いまをときめく芸人たち……周囲から一目置かれる存在になった彼らにも、かつて「こんなふうになりたい!」という憧れの存在があったはず。そんな売れっ子たちに、芸人を志したきっかけや憧れた芸人、そして芸人になるまでの道のりなどを語ってもらうインタビューシリーズ『あなたは誰に憧れ芸人に?』。今回は、『キングオブコント2022』王者、摩訶不思議なコントで別世界へいざなってくれる、ビスケットブラザーズ(きん、原田泰雅)の登場です!
TSUTAYAの棚の端から端まで
――まず、おふたりは誰に憧れて芸人になろうと思ったのでしょう?
原田 子どものころは母親の影響が大きくて、最初の憧れは映画『ネバーエンディング・ストーリー』(1984年)とか、そっちかもしれないです。あと、漫画家にも憧れていて、藤田和日郎さんの『からくりサーカス』とか好きでした。そこに乗っかって、『笑う犬の冒険』(1999~2001年、フジテレビ系)……。

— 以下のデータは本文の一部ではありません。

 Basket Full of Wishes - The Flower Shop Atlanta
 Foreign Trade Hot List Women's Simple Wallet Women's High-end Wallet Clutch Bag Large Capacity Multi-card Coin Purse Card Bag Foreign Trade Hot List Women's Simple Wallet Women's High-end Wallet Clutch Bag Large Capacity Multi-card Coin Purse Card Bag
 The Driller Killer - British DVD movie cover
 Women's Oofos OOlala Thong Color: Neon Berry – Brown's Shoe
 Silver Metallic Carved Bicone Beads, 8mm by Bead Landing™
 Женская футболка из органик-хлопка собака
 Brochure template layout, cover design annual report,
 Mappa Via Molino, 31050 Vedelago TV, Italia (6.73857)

だから、ざっくりと「このお笑い芸人さんに憧れて」というよりは、いろんなものを見ては憧れて、「ビッグになりたい」と思っていました。それで最終的に、高校生のときに千原兄弟さんのDVD『プロペラを止めた、僕の声を聞くために。』を見て、「お笑い、やってみようかな」に着地しました。だから、ブレブレかもしれないです(笑)。
——いろいろな刺激から、原田さんのセンスが育まれていったんですね。NSC(吉本総合芸能学院)大阪校33期に入学した動機はなんですか?
原田 僕、高校が芸能文化科で、令和喜多みな実の野村(尚平)さんとかロッチのコカド(ケンタロウ)さん、宇都宮まきさん、ネコニスズのヤマゲンさんが卒業されていたから、なんとなくお笑いのルートがあったんです。で、僕の学年の1個下にヤマゲンさんの弟がいて、双子なんですけど、それが映画監督の(山元)駿と(山元)環で、「お笑い、やってみたら?」と言われたんです。
そのときに「こんな世界もあるで」って見せてくれたのが、千原兄弟さんのDVDやったんです。それで、「こんな世界があるんか!」とNSCに入ることにしました。
——お笑いのルートが、すぐそばにあったんですね。きんさんが憧れた芸人さんは?
きん 僕、めっちゃ芸人さんが好きなんですけど、NSC(大阪)8期くらいから13期生くらいの方々に、かなり影響を受けてるんです。FUJIWARAさん、宮川大輔さんくらいの世代から、ブラックマヨネーズさん、チュートリアルさん、野性爆弾さん、次長課長さん、東京ダイナマイトさんに憧れてました。でも、いちばんでっかいのは、ダウンタウンさんかもしれないです。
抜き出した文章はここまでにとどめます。